There is a corner case. Consider the array `4,-3,-1,2,7`. Its prefix array is `4,1,0,2,9`. None of the elements of prefix array occur more than once, yet we have a subarray with sum equal to zero.

In [None]:
def exists_zero_sum_subarray(A):
    # Generate prefix array
    prefix = [0] * len(A)
    sum = 0
    for i in range(len(A)):
        sum += A[i]
        # If sum at any time is 0
        if sum == 0:
            return True
        prefix[i] = sum

    # Use a map/set to keep track of numbers
    num_set = {}
    for i in prefix:
        if i in num_set:
            return True
        else:
            num_set[i] = 0

    return False

**Q 2:** This question is just an extension of the above one. In this question we have to return the length of the longest subarray having sum equal to zero.  
**Answer:** To solve this problem, we will be storing the index of the first occurance in the map as well. So the answer is:

In [1]:
def longest_zero_sum_subarray(A):
    max_len = 0
    
    # Generate prefix array
    prefix = [0] * len(A)
    sum = 0
    for i in range(len(A)):
        sum += A[i]
        # If sum at any time is 0
        if sum == 0:
            cur_len = (i+1)
            if cur_len > max_len:
                max_len = cur_len
        prefix[i] = sum

    # Use a map to keep track of index
    index_map = {}
    for i in range(len(prefix)):
        if prefix[i] in index_map:
            if i - index_map[prefix[i]] > max_len:
                max_len = i - index_map[prefix[i]]
        else:
            index_map[prefix[i]] = i

    return max_len

A = [2,4,-3,-1,5,-1]
print(longest_zero_sum_subarray(A))

4


**Q 3:** This question is generalization of the above.

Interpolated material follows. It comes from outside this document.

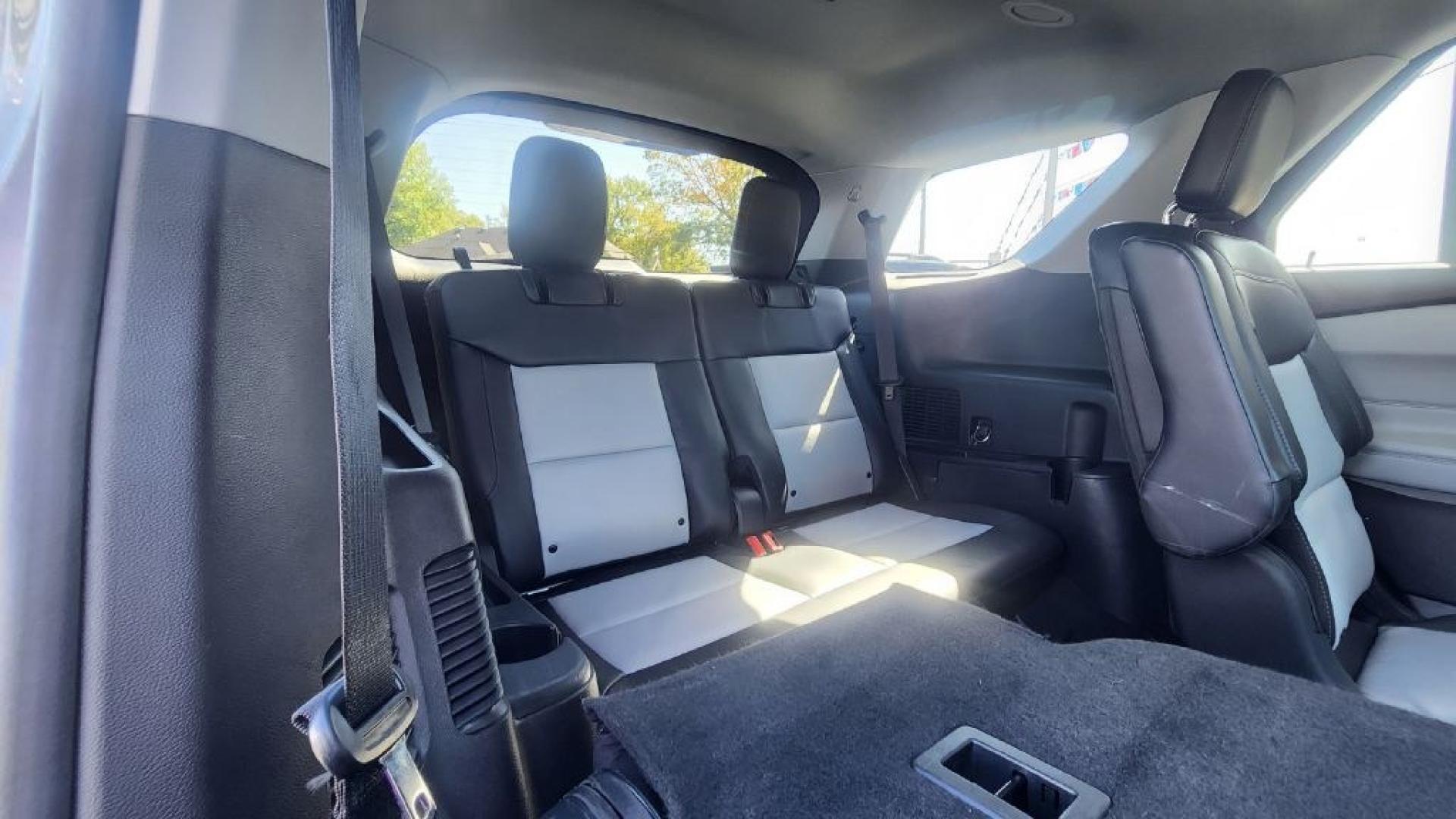 2022 GRAY FORD EXPLORER XLT (1FMSK8DH5NG) with an 2.3L engine, Automatic transmission, located at 101 S. Halleck St., DeMotte, 46310, (219) 987-2922, 41.202343, -87.198189- Photo#7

Instead of sum being zero, find the length of longest subarray having sum $K$.  
**Answer:** In the above problem, we had equation like this: `prefix[j] - prefix[i] = 0`. Here we modify it to `prefix[j] - prefix[i] = K`. Or `prefix[j] - K = prefix[i]`.

In [1]:
def longest_K_sum_subarray(A, K):
    max_len = 0
    
    # Generate prefix array
    prefix = [0] * len(A)
    sum = 0
    for i in range(len(A)):
        sum += A[i]
        # If sum at any time is 0
        if sum == K:
            cur_len = (i+1)
            if cur_len > max_len:
                max_len = cur_len
        prefix[i] = sum

    # Use a map to keep track of index
    index_map = {}
    for i in range(len(prefix)):
        if prefix[i] - K in index_map:
            if i - index_map[prefix[i] - K] > max_len:
                max_len = i - index_map[prefix[i] - K]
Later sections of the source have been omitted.